How to clone linked pages?

rajatomar788 / pywebcopy

Locally saves webpages to your hard disk with images, css, js & links as is.

https://rajatomar788.github.io/pywebcopy/

Other

527 stars 106 forks source link

How to clone linked pages? #63

Open rstmsn opened 3 years ago

rstmsn commented 3 years ago

I'm running the following example. The target page downloads OK, however none of the linked pages are being downloaded. Is there a configuration flag I can set, to download hyperlinked pages?

`from pywebcopy import save_website

kwargs = {'project_name': 'xxxx-clone-eb'}

save_website( url='https://xxxxx.com/ARTICLES/xxxx.htm', project_folder='/Users/xxxx/Documents/Code/xxxxx/EB', **kwargs ) `

rajatomar788 commented 3 years ago

Are the hyperlinked pages hosted on the same site domain or outside?

rstmsn commented 3 years ago

On the same domain. Currently, it doesn't seem to be following any hyperlinks. In my project_folder, i'm only seeing 1 .html file, despite the fact that this page contains many linked pages.

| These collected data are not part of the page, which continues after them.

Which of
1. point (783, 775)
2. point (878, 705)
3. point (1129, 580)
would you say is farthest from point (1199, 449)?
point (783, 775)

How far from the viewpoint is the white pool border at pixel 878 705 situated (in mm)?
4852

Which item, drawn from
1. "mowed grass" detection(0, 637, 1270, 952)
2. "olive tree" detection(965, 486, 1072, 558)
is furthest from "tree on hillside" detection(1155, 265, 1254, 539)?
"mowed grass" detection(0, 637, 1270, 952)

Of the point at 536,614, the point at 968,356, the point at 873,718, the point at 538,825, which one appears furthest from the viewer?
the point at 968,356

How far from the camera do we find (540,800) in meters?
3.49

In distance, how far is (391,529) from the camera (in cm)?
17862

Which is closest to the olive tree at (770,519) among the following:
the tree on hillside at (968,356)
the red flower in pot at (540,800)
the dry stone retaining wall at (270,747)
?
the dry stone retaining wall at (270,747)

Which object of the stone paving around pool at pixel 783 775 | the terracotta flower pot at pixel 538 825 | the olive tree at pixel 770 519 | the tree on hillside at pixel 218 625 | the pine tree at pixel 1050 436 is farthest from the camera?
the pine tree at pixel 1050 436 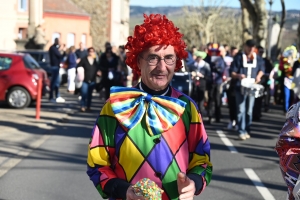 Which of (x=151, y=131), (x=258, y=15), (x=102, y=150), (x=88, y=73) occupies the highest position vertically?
(x=258, y=15)

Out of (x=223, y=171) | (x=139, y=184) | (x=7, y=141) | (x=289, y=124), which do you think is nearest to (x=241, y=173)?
(x=223, y=171)

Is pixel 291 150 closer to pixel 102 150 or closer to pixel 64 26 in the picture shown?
pixel 102 150

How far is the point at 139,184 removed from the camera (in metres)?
3.23

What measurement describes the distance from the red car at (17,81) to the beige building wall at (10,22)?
33017 mm

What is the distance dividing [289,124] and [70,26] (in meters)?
59.9

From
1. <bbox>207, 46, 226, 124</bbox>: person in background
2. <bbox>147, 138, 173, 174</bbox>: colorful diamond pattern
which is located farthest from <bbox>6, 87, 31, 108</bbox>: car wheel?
<bbox>147, 138, 173, 174</bbox>: colorful diamond pattern

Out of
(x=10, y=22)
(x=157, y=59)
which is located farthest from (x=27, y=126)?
(x=10, y=22)

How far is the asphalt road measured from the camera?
27.1 feet

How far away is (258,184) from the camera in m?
8.95

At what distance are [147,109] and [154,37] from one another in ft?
1.23

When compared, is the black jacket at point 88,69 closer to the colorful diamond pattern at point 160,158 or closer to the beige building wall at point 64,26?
the colorful diamond pattern at point 160,158

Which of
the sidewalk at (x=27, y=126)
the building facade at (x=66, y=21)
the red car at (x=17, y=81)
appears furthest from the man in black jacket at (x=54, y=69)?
the building facade at (x=66, y=21)

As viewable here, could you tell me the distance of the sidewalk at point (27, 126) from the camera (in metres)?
11.2

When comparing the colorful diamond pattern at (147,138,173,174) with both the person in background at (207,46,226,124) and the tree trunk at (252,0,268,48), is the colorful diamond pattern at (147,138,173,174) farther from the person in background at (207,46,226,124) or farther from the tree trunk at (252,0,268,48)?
the tree trunk at (252,0,268,48) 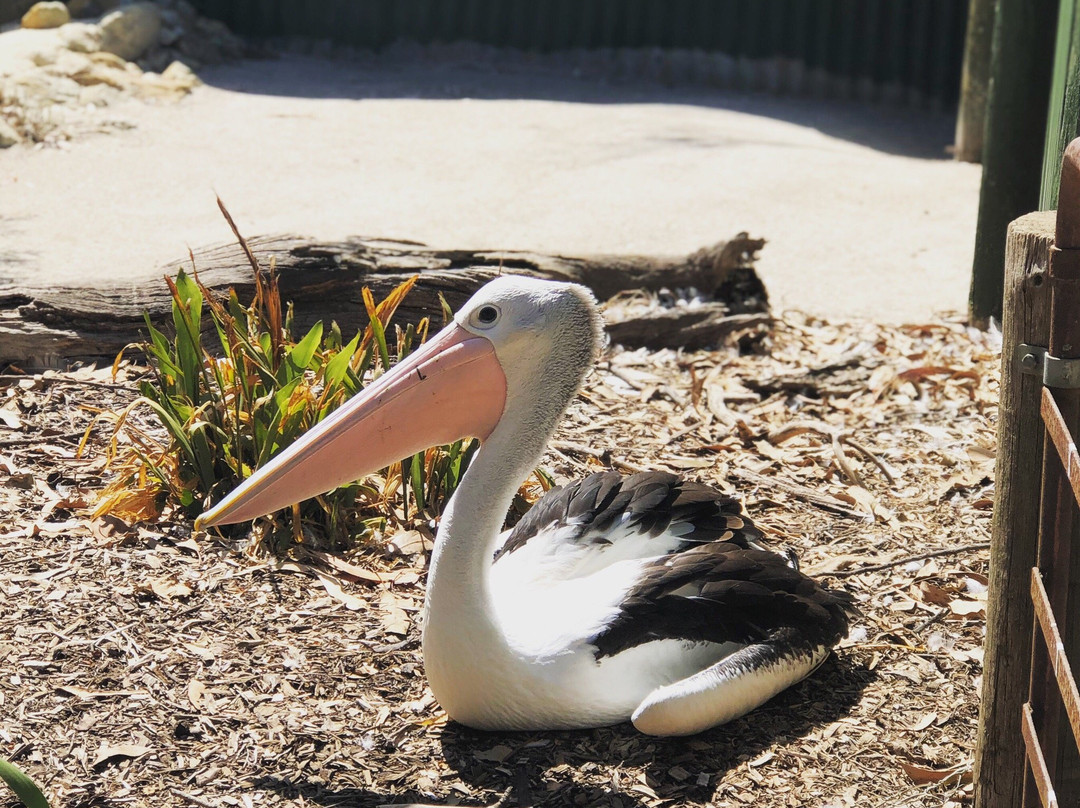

rajatomar788 commented 3 years ago

The pywebcopy builds a hierarchical structure meaning your hyperlinked pages might be in some folders relative to the main html file.

rstmsn commented 3 years ago

No. There is only 1 .html file, no other folders, no other files. When clicking a hyperlink within the .html file, it 404s because the package has not followed / downloaded any of the hyperlinks. Why would this be?

unmurphy commented 3 years ago

facing the same issue, any updates?

rajatomar788 commented 3 years ago

It could be server side site specific issue. Maybe the hyperlinks are not resolving properly due to bad url or html formatting.

rstmsn commented 3 years ago

It could be server side site specific issue. Maybe the hyperlinks are not resolving properly due to bad url or html formatting.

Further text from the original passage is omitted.